Thursday, May 24, 2012

Review: An Ice Cold Grave by Charlaine Harris

An Ice Cold Grave
An Ice Cold Grave by Charlaine Harris

My rating: 2 of 5 stars

In An Ice Cold Grave, Harper Connelly is in the fictional town of Doraville, NC, which is described as being near Asheville. Several young men have gone missing, and Harper is called in to find one in particular. That doesn't take her long, but then forces conspire to keep her there, and she feel compelled to solve the mystery of who would kill all those boys in the violent way she senses. While she's trapped in a lake cabin during an ice storm, she and her not-related-by-blood brother confess their feelings for one another, and consummate the relationship Harper has wanted since at least the last book.
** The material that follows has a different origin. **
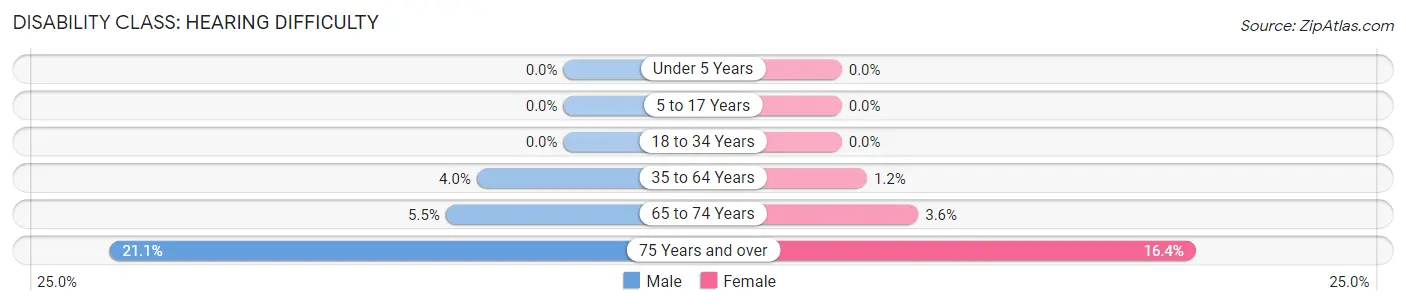 Disability in Zip Code 34481: <span>Hearing Difficulty</span>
Okay, so intellectually, I know Harper and Tolliver aren't related by blood, and therefore there's no incest taboo to be broken, here. But the relationship between them still had me squirming in discomfort. I felt like their platonic, sibling-like bond was fairly well established in the previous books. So to have it turn into a physical relationship in this book left me thoroughly grossed out. I never felt sexual tension between them, or like the "love" Harper describes had a physical aspect to it. Then, suddenly, she's describing his penis in loving detail and talking wistfully about his "dick." Yes, she uses that word. So in addition to feeling gross about listening in graphic detail to these two boning, I was left questioning her emotional maturity, too.

From a writing standpoint, too, I found the book lacking. Harper annoyed me with her constant bellybutton-gazing as she reviews all the crucial things she knows for the reader, there's far too much time taken up in the narrative on puttering, and her constant attention on politeness grated. The woman is hit on the head with a shovel, and she's obsessed with not coming across as grumpy to the parade that marches through her hospital room. It shows a curious set of priorities, at the very least.

There are constant references to things that are going to come up in later books (how handy psychics are, when one wants to smack the reader over the head with foreshadowing), but there's no movement toward solving those mysteries yet. If they're half as plodding as this narrative, I want nothing to do with them.

I'm stopping with this book, because my sense of curiosity in those greater mysteries doesn't override my squick factor with the physical relationship between the siblings-by-marriage. I really don't want to have to sit through another sex scene that makes me throw up in my mouth.